WORK TASK: Transcribe only part of the material below: the lines from the one containing "Flow Blue Plate, Crystal" through the one containing "Schneider Electric AvatarOn, 3", inclusive, exactly as written.

DATASET ENTRIES:
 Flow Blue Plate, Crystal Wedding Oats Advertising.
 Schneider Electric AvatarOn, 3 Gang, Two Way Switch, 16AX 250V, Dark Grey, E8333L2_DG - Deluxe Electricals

==

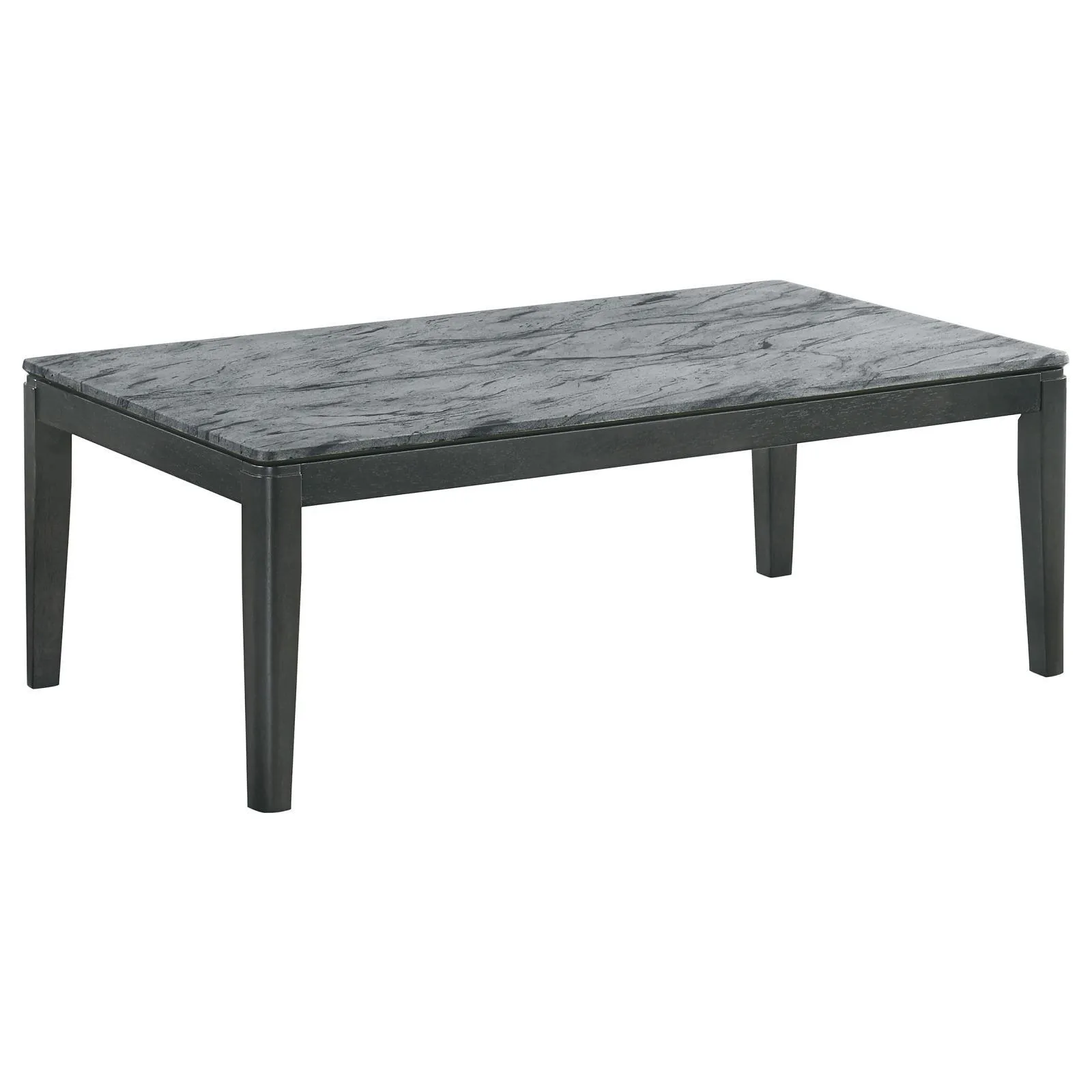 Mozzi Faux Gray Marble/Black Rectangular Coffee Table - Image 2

SOLUTION:
 Flow Blue Plate, Crystal Wedding Oats Advertising.
 Schneider Electric AvatarOn, 3 Gang, Two Way Switch, 16AX 250V, Dark Grey, E8333L2_DG - Deluxe Electricals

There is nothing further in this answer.